** Opening Recorded data block **

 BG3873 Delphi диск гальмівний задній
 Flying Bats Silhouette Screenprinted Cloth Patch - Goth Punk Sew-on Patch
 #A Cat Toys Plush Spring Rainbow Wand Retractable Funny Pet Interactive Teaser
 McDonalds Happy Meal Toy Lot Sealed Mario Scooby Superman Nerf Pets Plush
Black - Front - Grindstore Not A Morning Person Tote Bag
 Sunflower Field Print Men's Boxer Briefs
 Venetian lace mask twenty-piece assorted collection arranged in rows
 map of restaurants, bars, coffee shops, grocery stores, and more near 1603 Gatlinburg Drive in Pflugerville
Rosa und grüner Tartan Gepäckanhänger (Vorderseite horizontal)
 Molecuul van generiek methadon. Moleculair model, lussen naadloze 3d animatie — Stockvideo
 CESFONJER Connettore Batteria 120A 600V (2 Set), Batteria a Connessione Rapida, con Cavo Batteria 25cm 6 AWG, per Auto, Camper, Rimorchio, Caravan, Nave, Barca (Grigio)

** Closing Recorded data block **
** Opening Recorded data block **

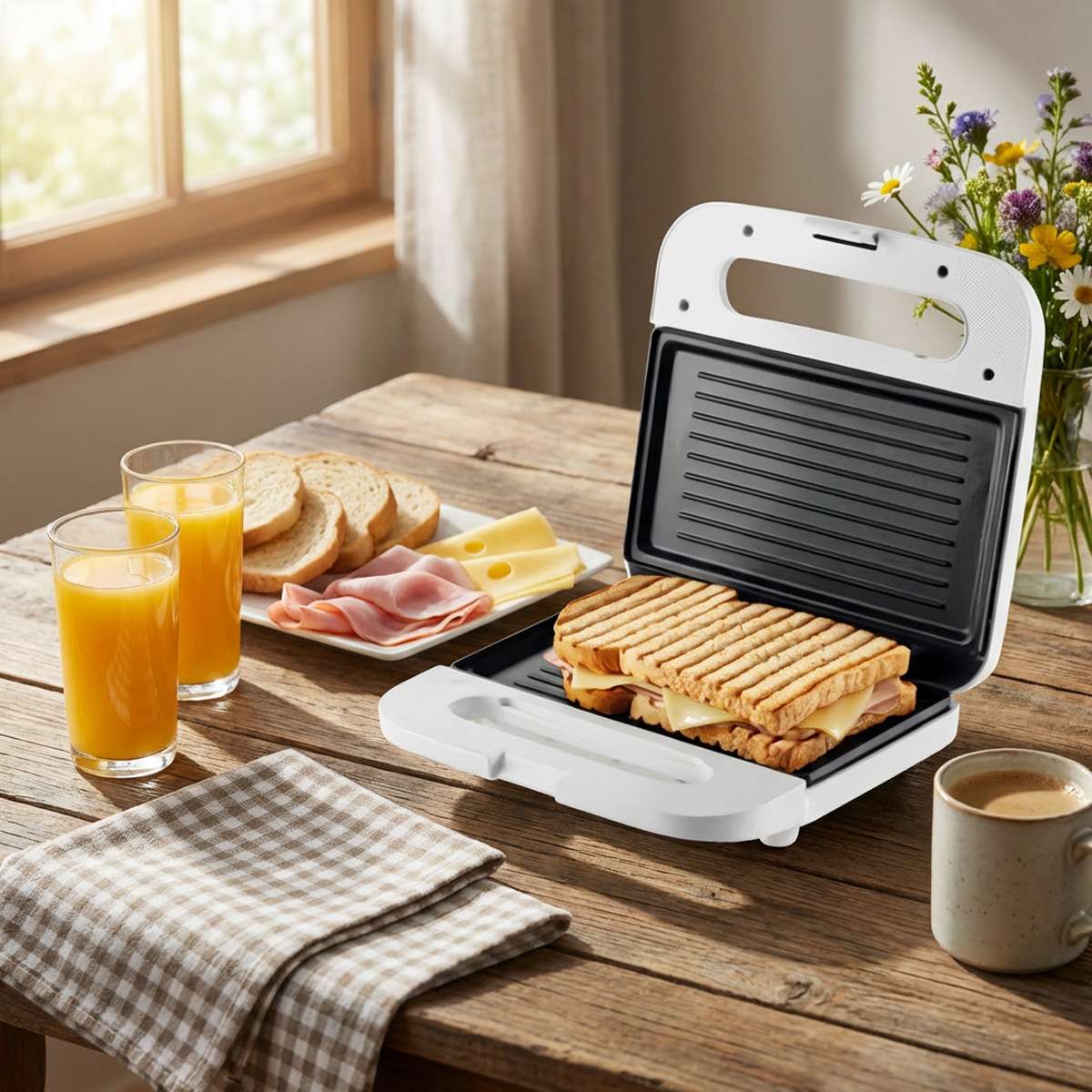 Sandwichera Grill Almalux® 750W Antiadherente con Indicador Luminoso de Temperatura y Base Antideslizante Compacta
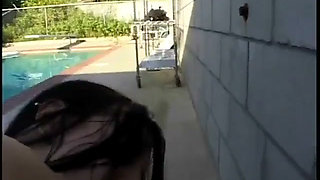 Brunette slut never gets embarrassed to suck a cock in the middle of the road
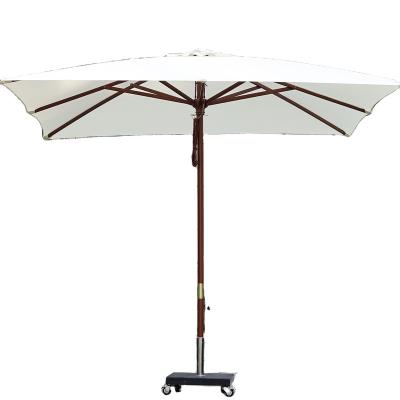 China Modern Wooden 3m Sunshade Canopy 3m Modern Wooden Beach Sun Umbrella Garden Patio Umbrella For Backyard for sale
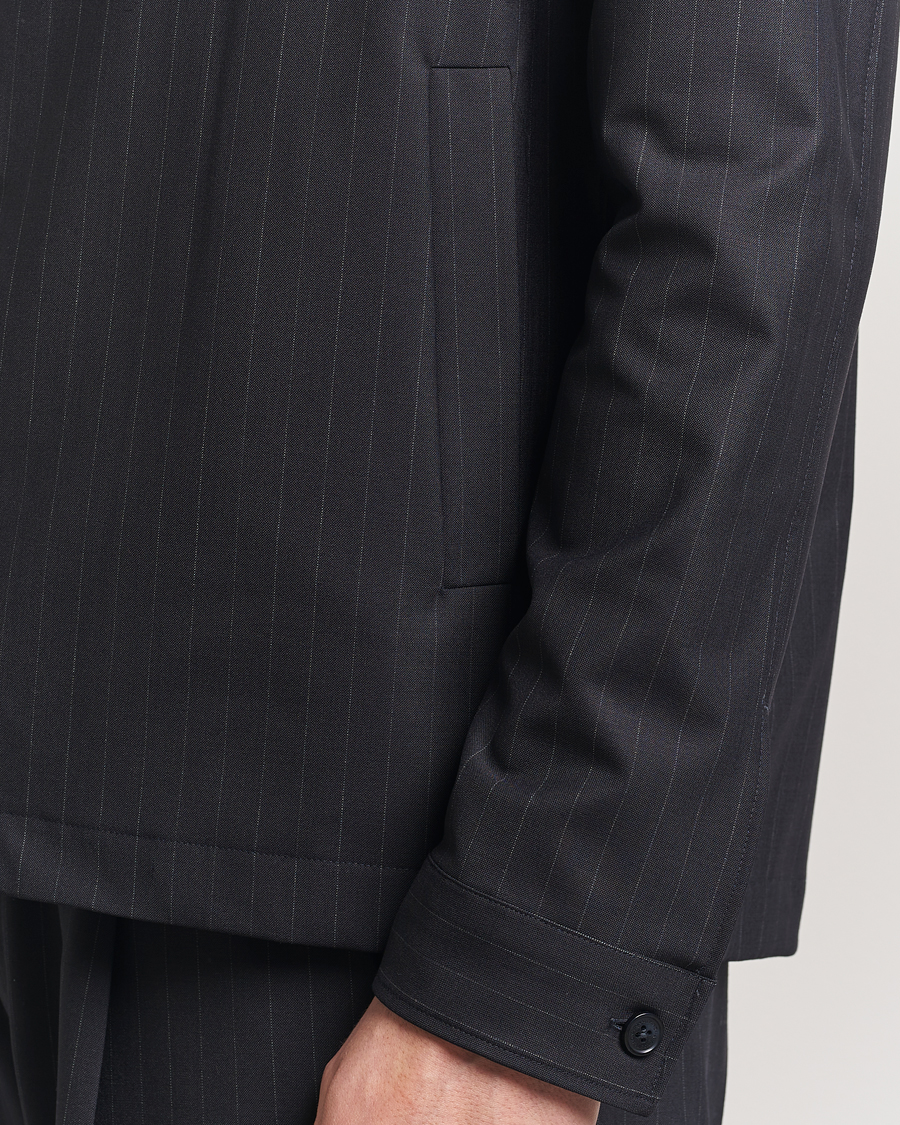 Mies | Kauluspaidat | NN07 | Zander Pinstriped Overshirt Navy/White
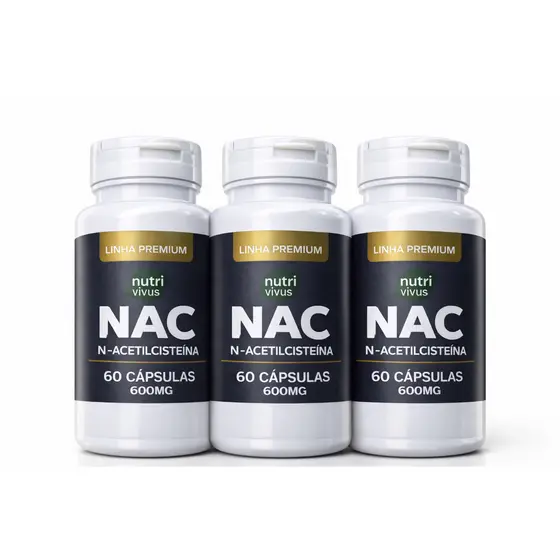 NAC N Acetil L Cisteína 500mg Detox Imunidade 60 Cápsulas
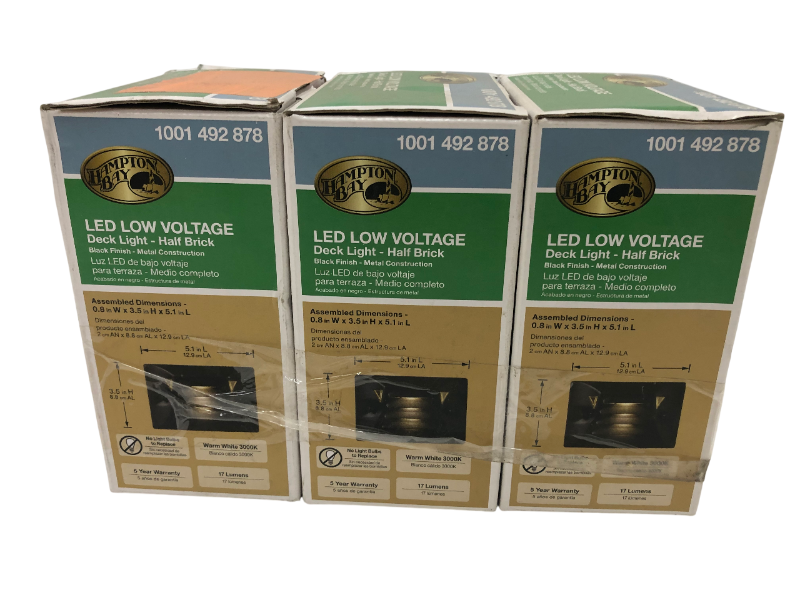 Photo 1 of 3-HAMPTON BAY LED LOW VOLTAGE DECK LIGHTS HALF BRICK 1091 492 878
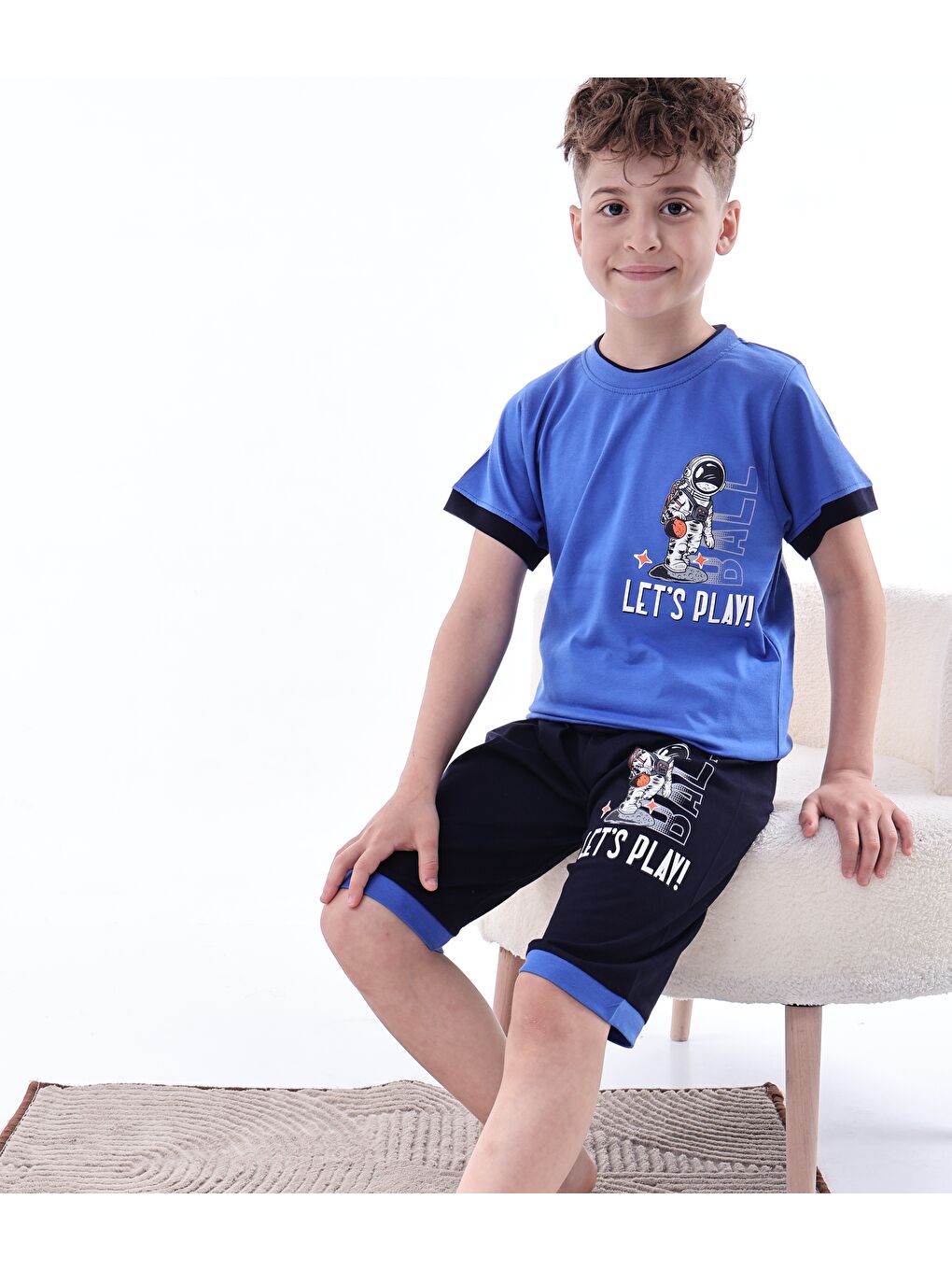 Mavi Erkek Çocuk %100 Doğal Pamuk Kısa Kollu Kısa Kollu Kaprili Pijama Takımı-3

** Closing Recorded data block **
** Opening Recorded data block **

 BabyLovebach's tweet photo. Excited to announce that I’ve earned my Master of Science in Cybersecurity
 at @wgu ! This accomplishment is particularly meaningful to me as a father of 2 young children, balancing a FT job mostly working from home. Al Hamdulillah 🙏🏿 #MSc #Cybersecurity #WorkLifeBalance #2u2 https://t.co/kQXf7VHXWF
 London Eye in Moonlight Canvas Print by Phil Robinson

** Closing Recorded data block **

What you should do:
Find the number of lines in the entries above that hold the string "Plush", and write only that number.

Completed task:
2